You are viewing a plain text version of this content. The canonical link for it is here.
Posted to user@pig.apache.org by Sameer Tilak <ss...@live.com> on 2013/12/30 19:49:58 UTC
A question regarding schema
Hi All,I have a UDF that returns a tuple. The number of elements in the tuple will differ for each user. For example:
(userid1, item1, item2, item 100, item 400)(userid1, item1, item200)(userid1, item1, item2, item 100, item200, item250, item300, item 400)(userid1, item 100, item 200, item250, item300, item380, item400, item450, item480, item560, item800, item1000)
etc.
Pig script:
A = LOAD '/scratch/input.seq' USING $SEQFILE_LOADER ( '-c $TEXT_CONVERTER', '-c $TEXT_CONVERTER') AS (key: chararray, value: chararray);
UserItemAssoc = FOREACH A GENERATE myparser.myUDF(key, value) AS {(userid: chararray, itemtid: How to specify this???)};
If I want to specify the schema in the AS clause, how do I do it since the number of fields will differ in each row?

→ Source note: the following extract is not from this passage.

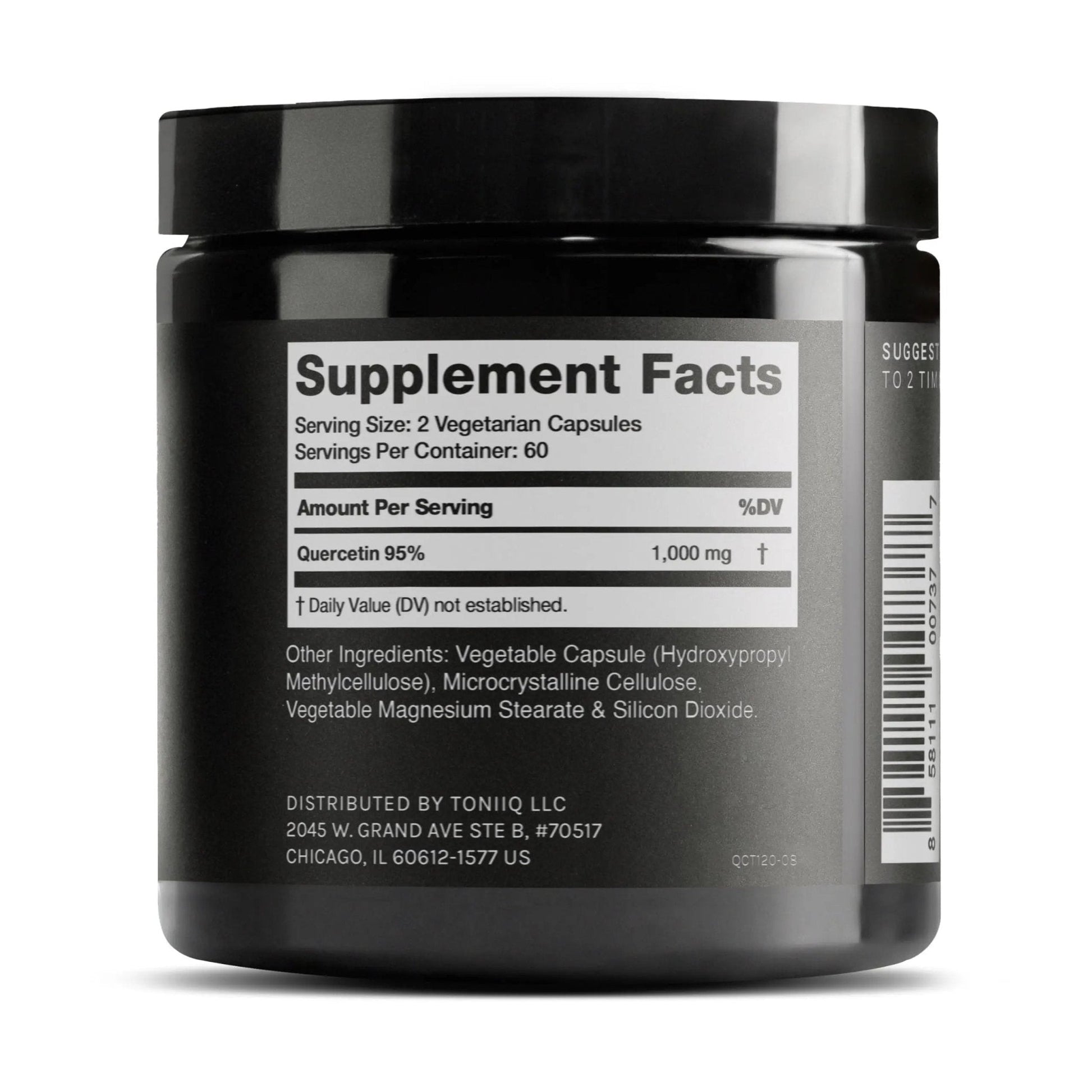 Toniiq Ultra High Purity Quercetin Capsules - 95%+ Highly Purified and Bioavailable - 1000mg Per Serving - 120 Capsules Quercetin Supplement - Maple Wellness Supplements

Is it possible to somehow do this dynamically?
Re: A question regarding schema
Posted by centerqi hu <ce...@gmail.com>.
I encountered your problem, you can handle as follows
There are two ways to add field
One is append(object) function, the other is set(index,object) function
my code:
DataBag inputBag = (DataBag)input.get(0);
for (Tuple t : inputBag) {
if(isDetailUrl(t) > 0){
t.append(this.orderID);
//int tupleSize = t.size();
//t.set(tupleSize+1, this.orderID);
outputBag.add(t);
this.orderID = null;
}
}
2013/12/31 Sameer Tilak <ss...@live.com>
> Hi All,I have a UDF that returns a tuple. The number of elements in the
> tuple will differ for each user. For example:
> (userid1, item1, item2, item 100, item 400)(userid1, item1,
> item200)(userid1, item1, item2, item 100, item200, item250, item300, item
> 400)(userid1, item 100, item 200, item250, item300, item380, item400,
> item450, item480, item560, item800, item1000)
> etc.
> Pig script:
> A = LOAD '/scratch/input.seq' USING $SEQFILE_LOADER ( '-c
> $TEXT_CONVERTER', '-c $TEXT_CONVERTER') AS (key: chararray, value:
> chararray);
> UserItemAssoc = FOREACH A GENERATE myparser.myUDF(key, value) AS {(userid:
> chararray, itemtid: How to specify this???)};
> If I want to specify the schema in the AS clause, how do I do it since the
> number of fields will differ in each row? Is it possible to somehow do this
> dynamically?
>
--
centerqi@gmail.com|齐忠